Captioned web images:

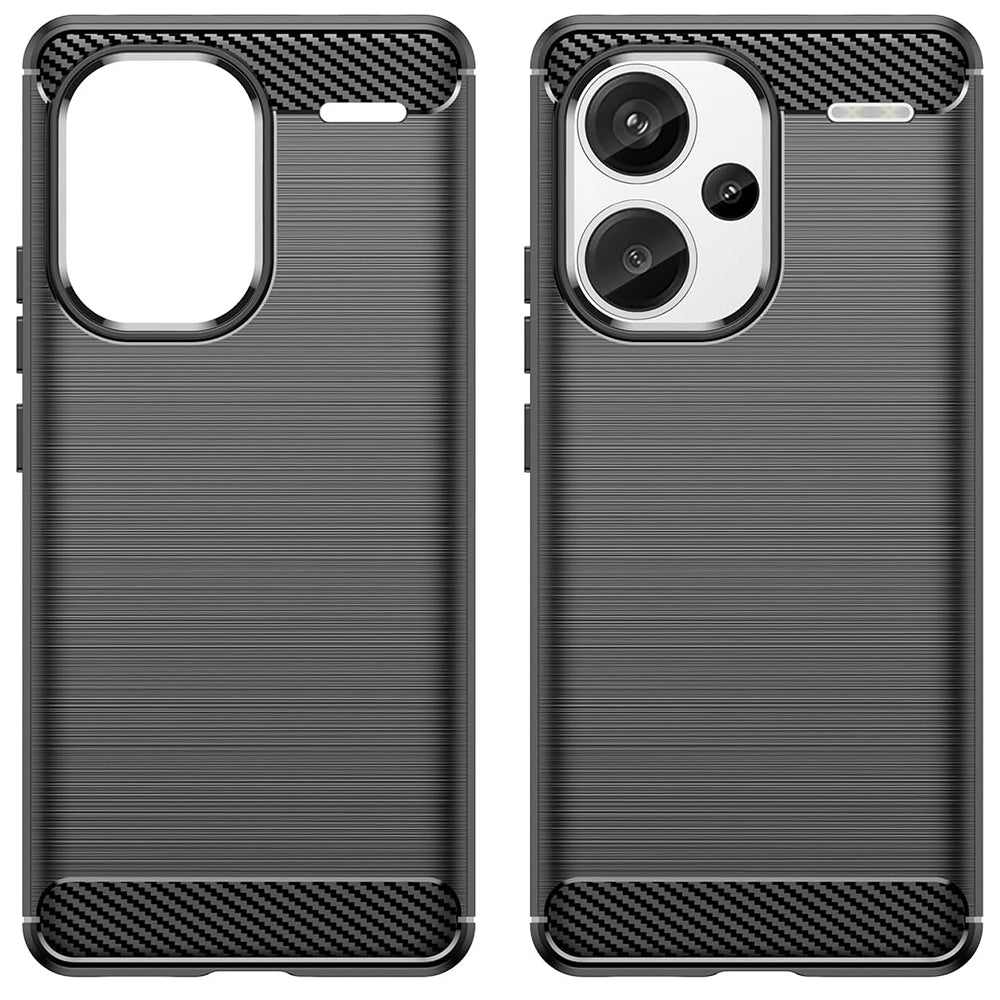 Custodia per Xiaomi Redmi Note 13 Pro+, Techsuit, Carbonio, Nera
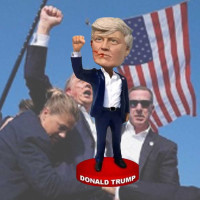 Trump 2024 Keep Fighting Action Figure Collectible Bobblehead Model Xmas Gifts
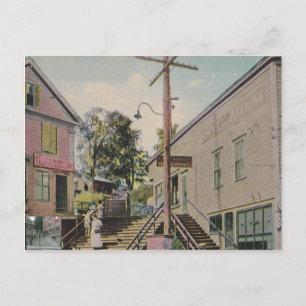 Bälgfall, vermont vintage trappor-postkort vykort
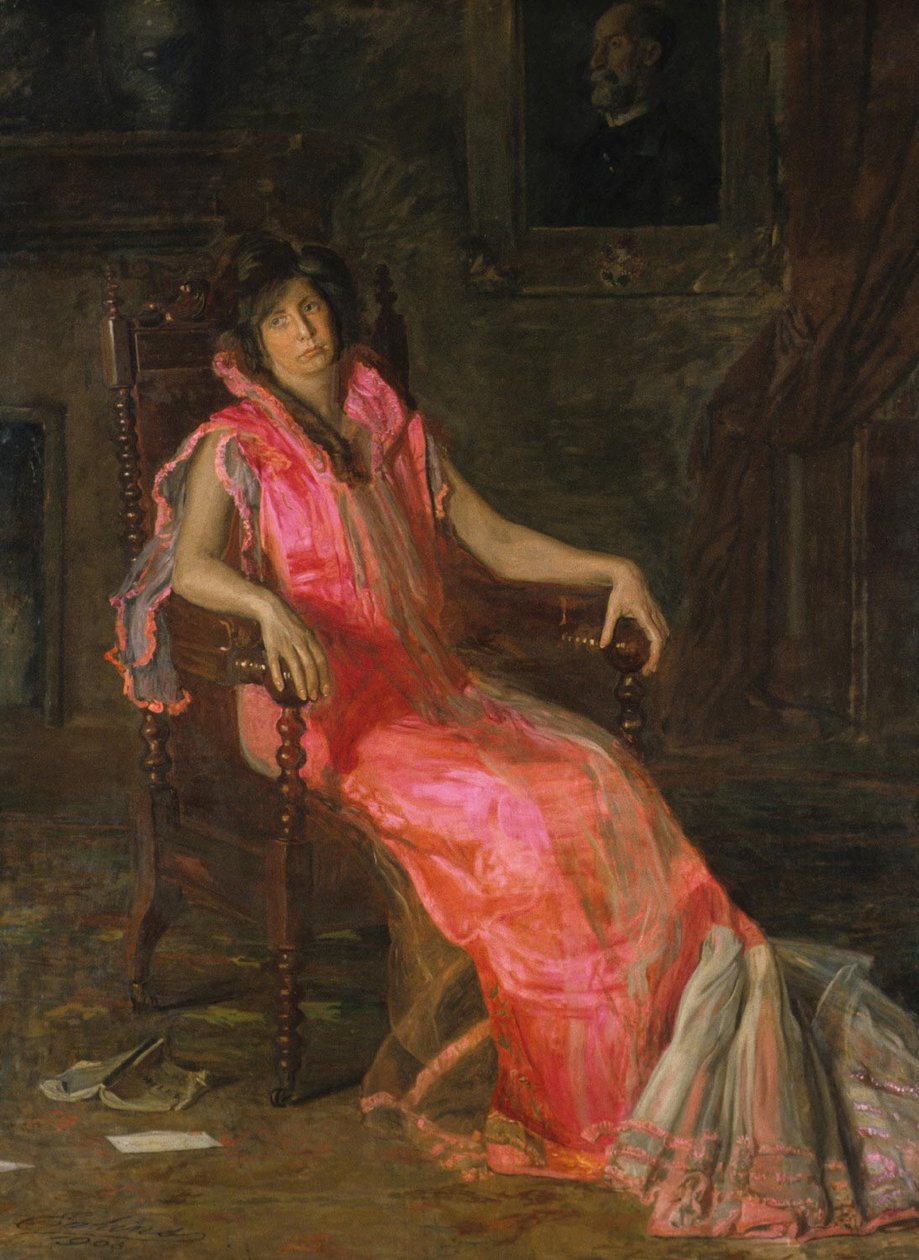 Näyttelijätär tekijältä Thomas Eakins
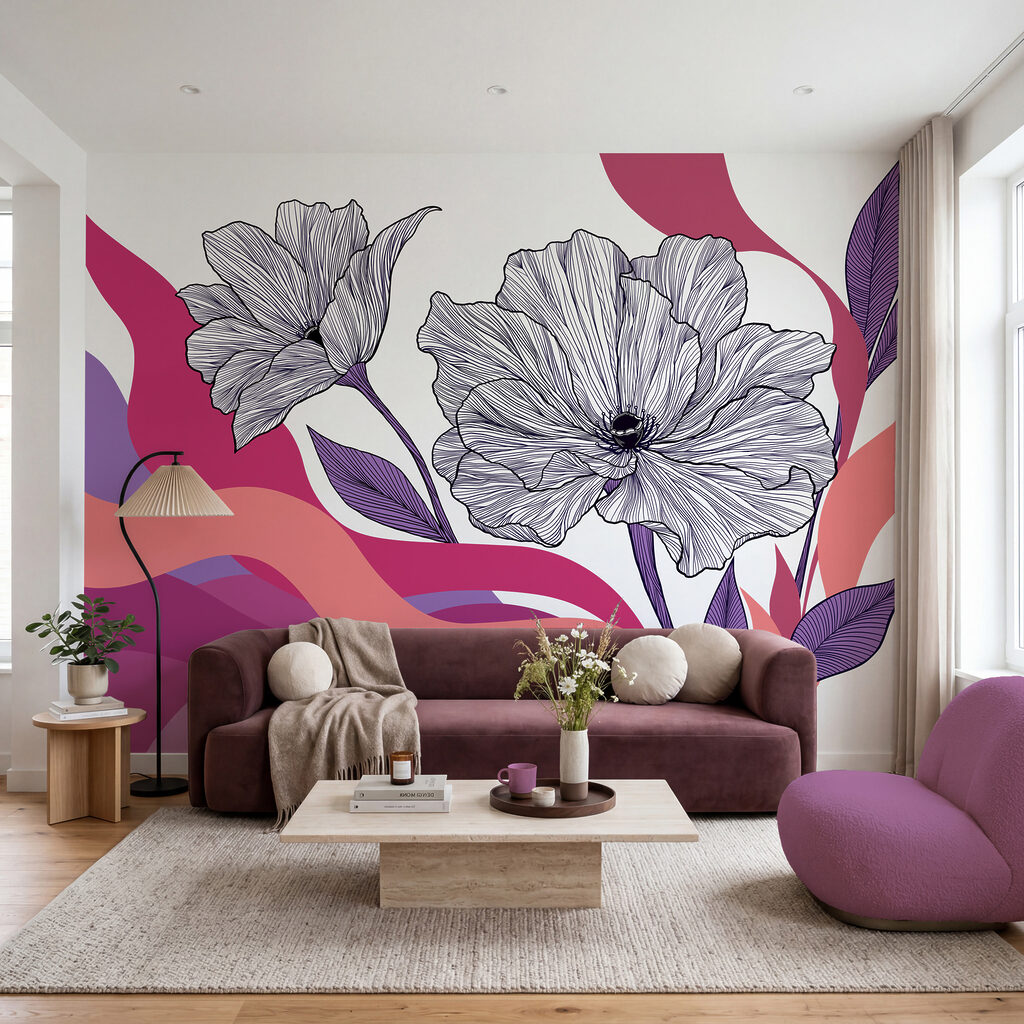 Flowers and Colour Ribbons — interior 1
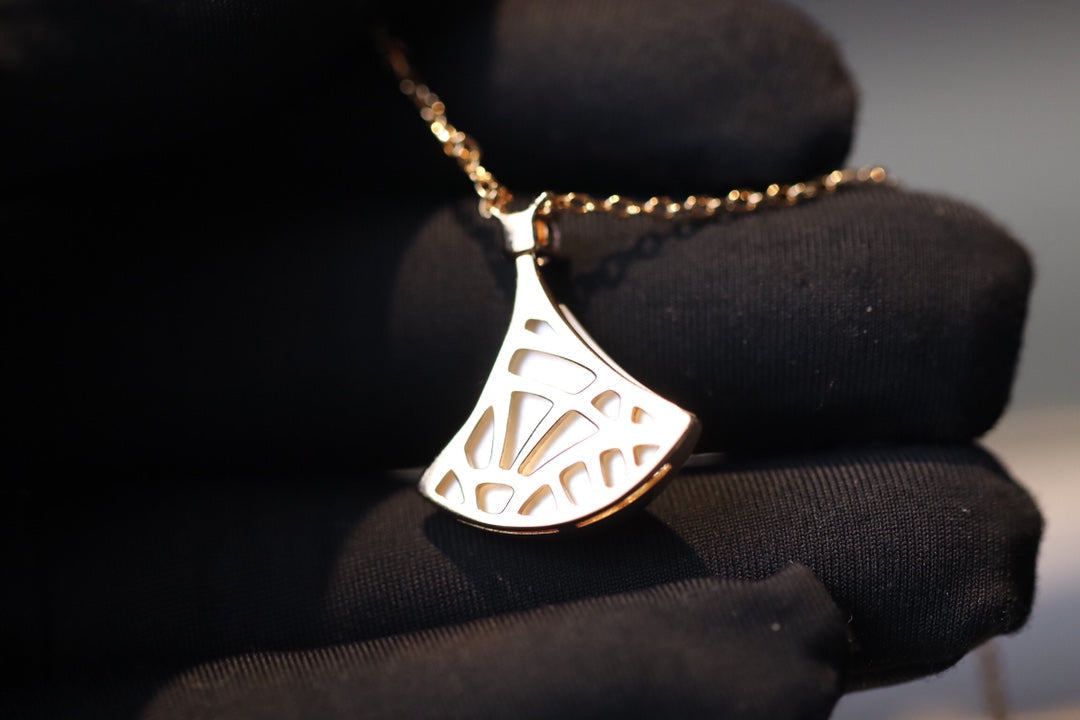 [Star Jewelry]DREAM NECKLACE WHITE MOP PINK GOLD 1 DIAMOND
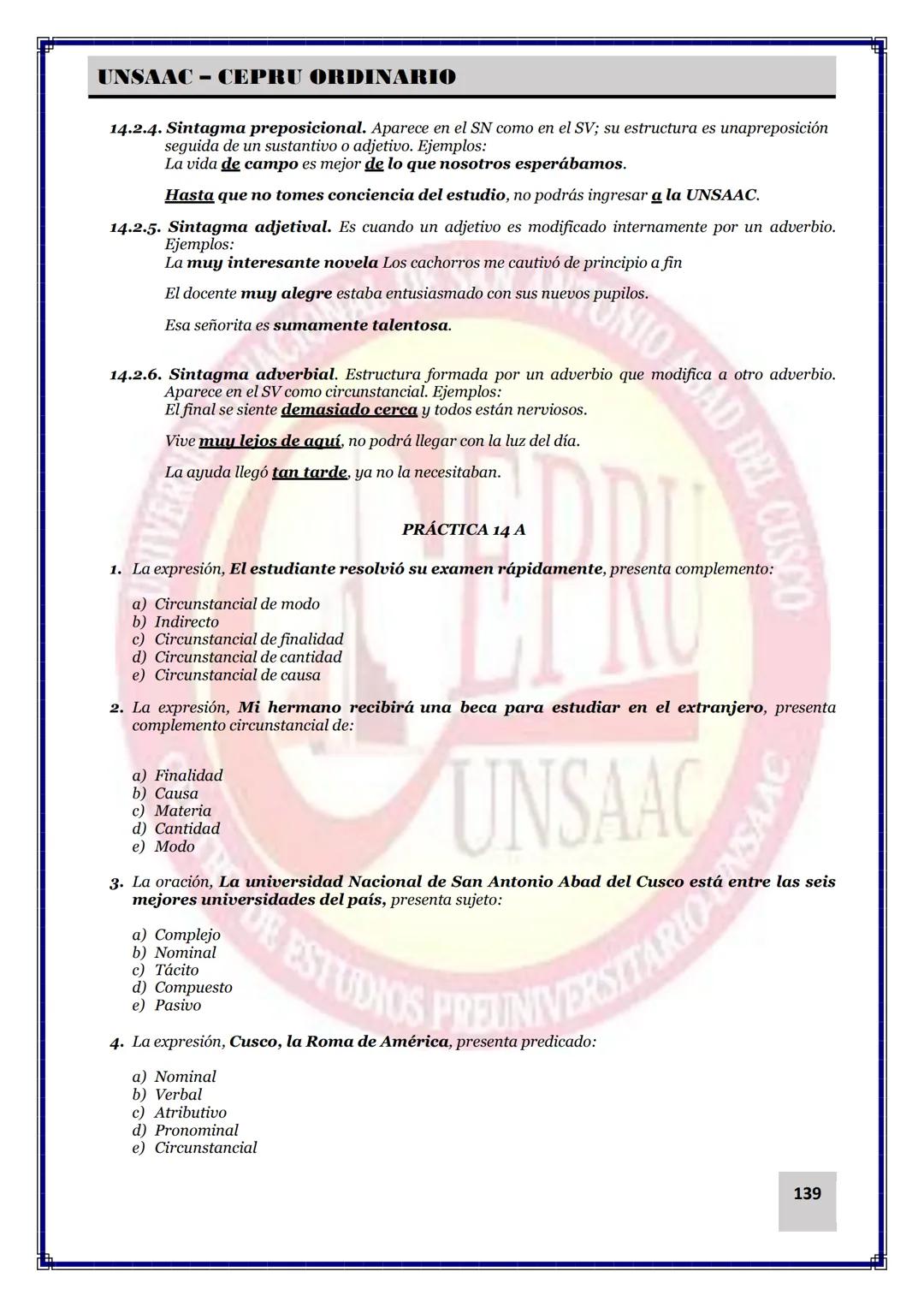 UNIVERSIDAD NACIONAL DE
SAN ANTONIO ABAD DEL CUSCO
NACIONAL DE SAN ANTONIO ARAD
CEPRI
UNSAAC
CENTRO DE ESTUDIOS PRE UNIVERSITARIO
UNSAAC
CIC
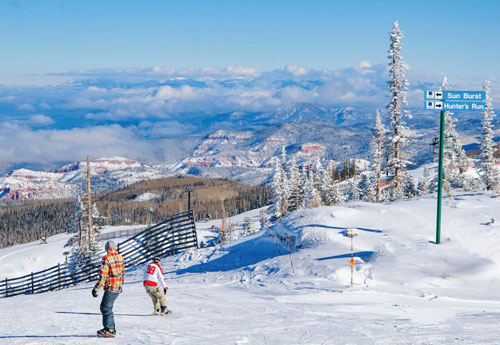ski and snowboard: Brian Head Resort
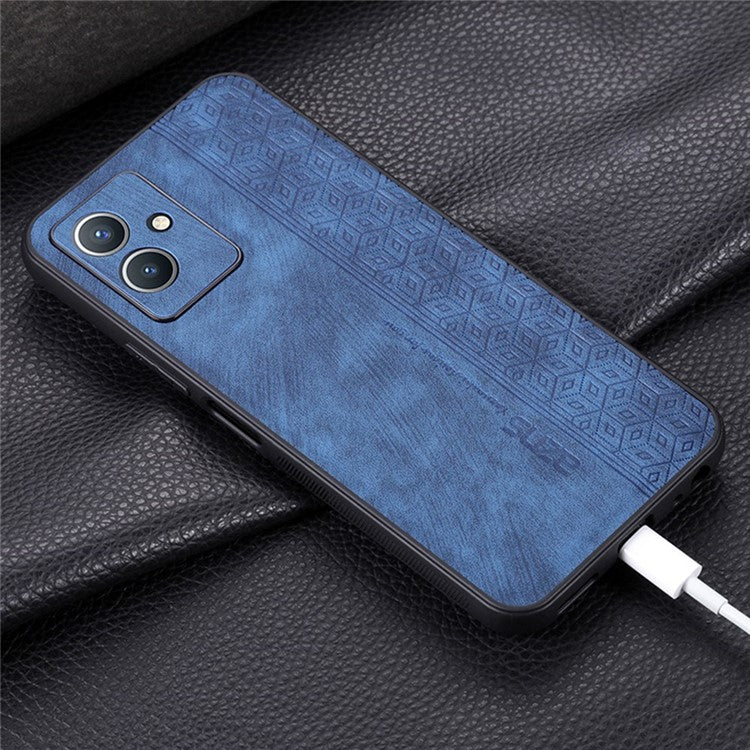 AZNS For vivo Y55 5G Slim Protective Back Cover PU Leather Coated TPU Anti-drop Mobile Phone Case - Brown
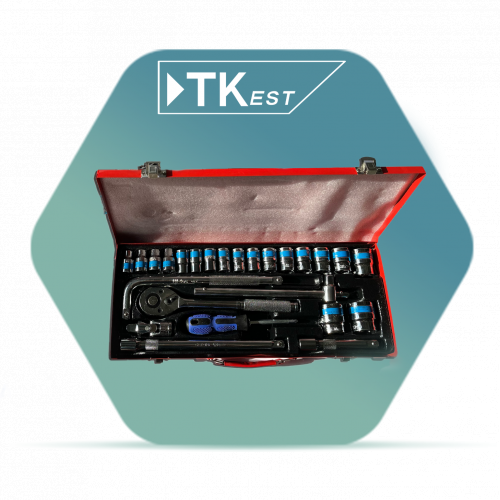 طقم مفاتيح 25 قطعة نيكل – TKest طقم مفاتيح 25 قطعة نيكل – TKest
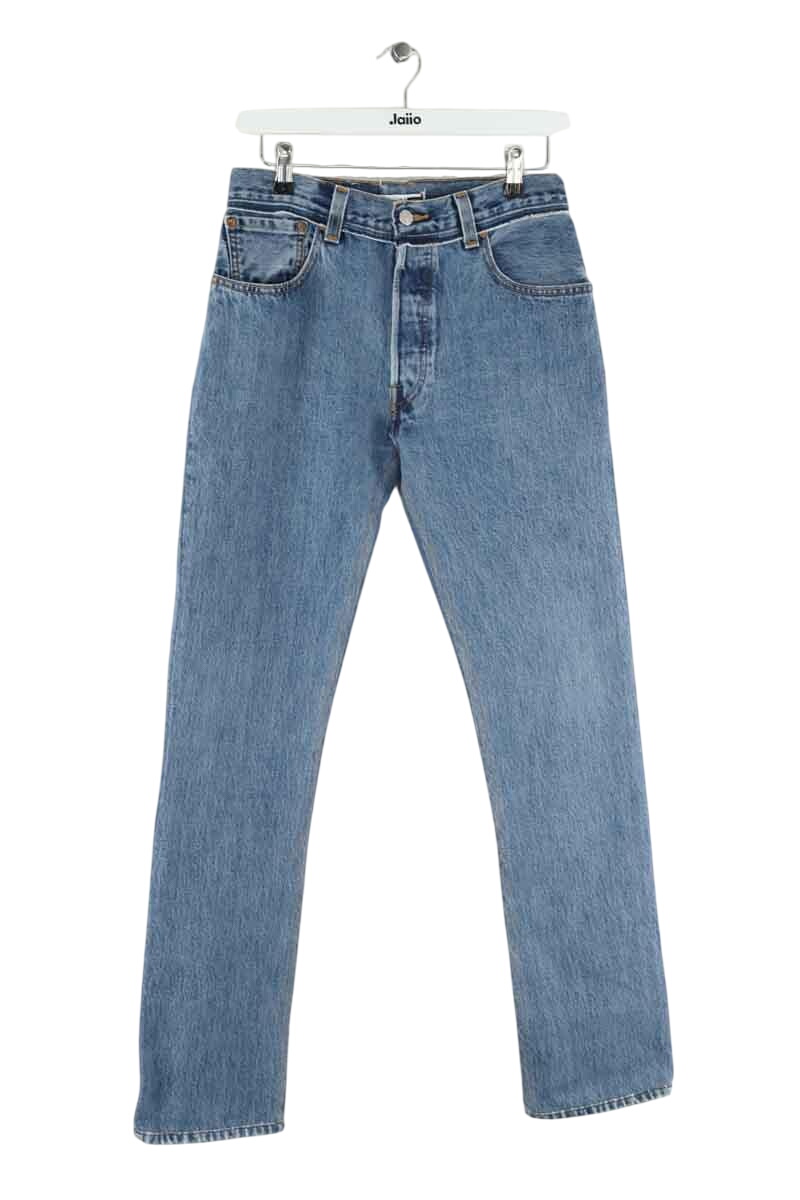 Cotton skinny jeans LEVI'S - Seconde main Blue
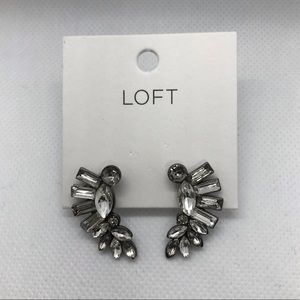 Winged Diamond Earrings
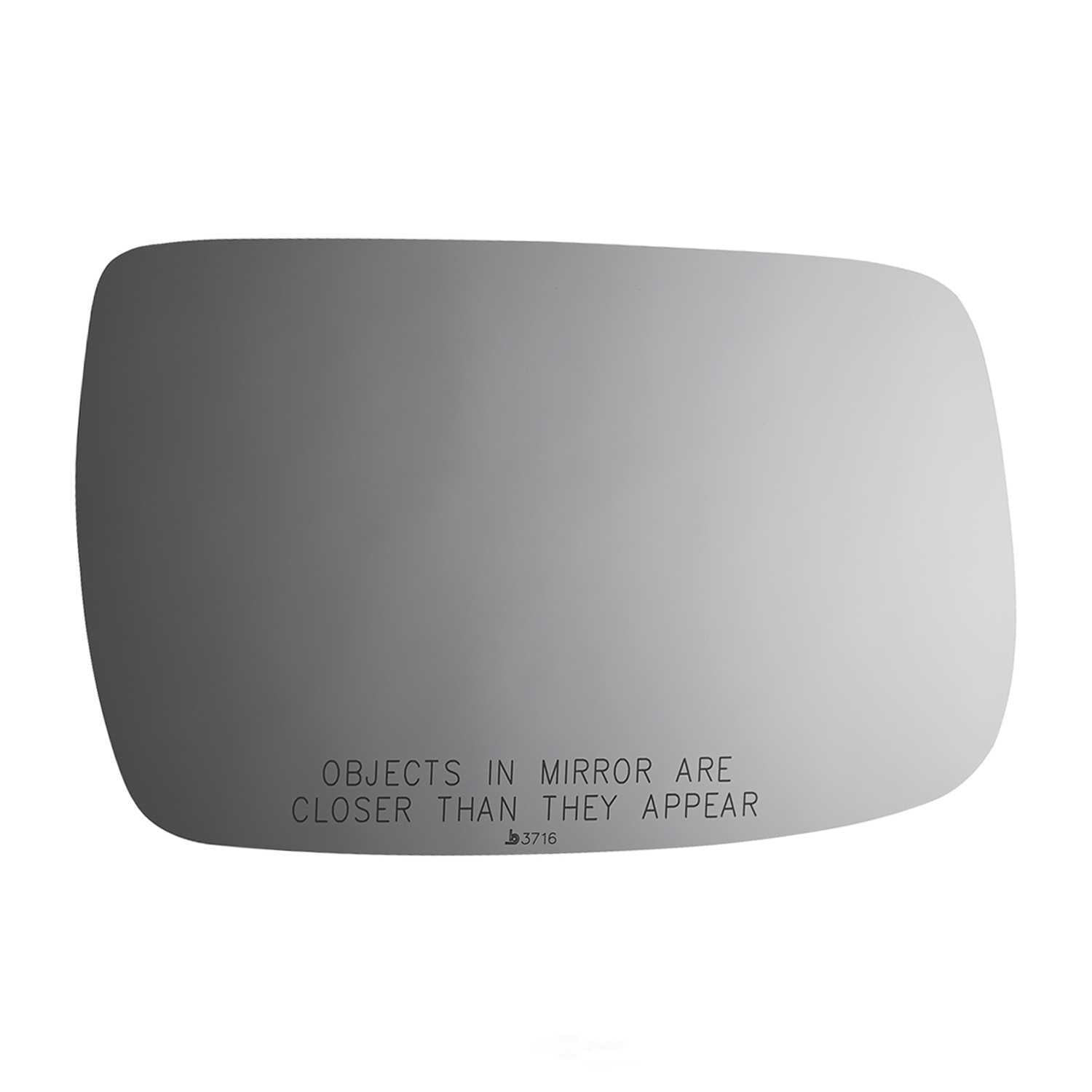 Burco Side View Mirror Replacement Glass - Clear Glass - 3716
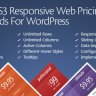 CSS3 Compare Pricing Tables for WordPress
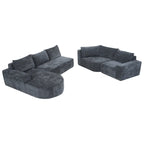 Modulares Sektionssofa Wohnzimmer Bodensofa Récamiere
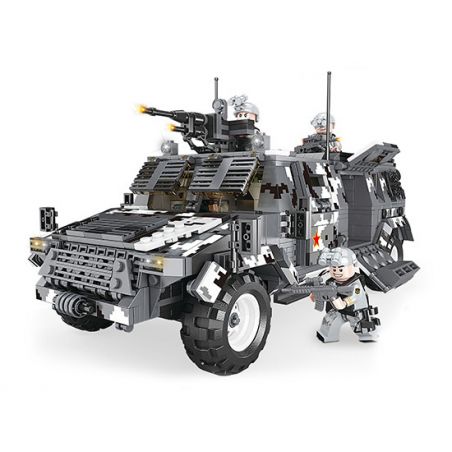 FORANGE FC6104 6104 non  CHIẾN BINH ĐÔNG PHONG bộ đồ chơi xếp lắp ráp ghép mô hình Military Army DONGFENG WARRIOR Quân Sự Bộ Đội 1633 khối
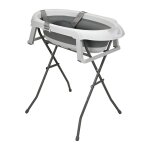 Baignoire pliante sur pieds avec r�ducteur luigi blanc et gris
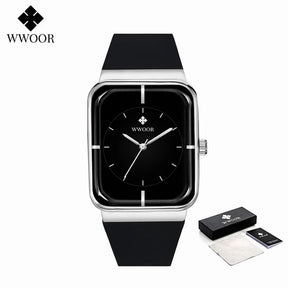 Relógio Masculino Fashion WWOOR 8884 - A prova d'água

▶ Activity: With the pictures removed from your copy, retype the lines above from the one that contains "AZNS For vivo" through the one that contains "Modulares Sektionssofa Wohnzimmer", exactly.

▶ Result:
 AZNS For vivo Y55 5G Slim Protective Back Cover PU Leather Coated TPU Anti-drop Mobile Phone Case - Brown
 طقم مفاتيح 25 قطعة نيكل – TKest طقم مفاتيح 25 قطعة نيكل – TKest
 Cotton skinny jeans LEVI'S - Seconde main Blue
 Winged Diamond Earrings
 Burco Side View Mirror Replacement Glass - Clear Glass - 3716
 CSS3 Compare Pricing Tables for WordPress
 Modulares Sektionssofa Wohnzimmer Bodensofa Récamiere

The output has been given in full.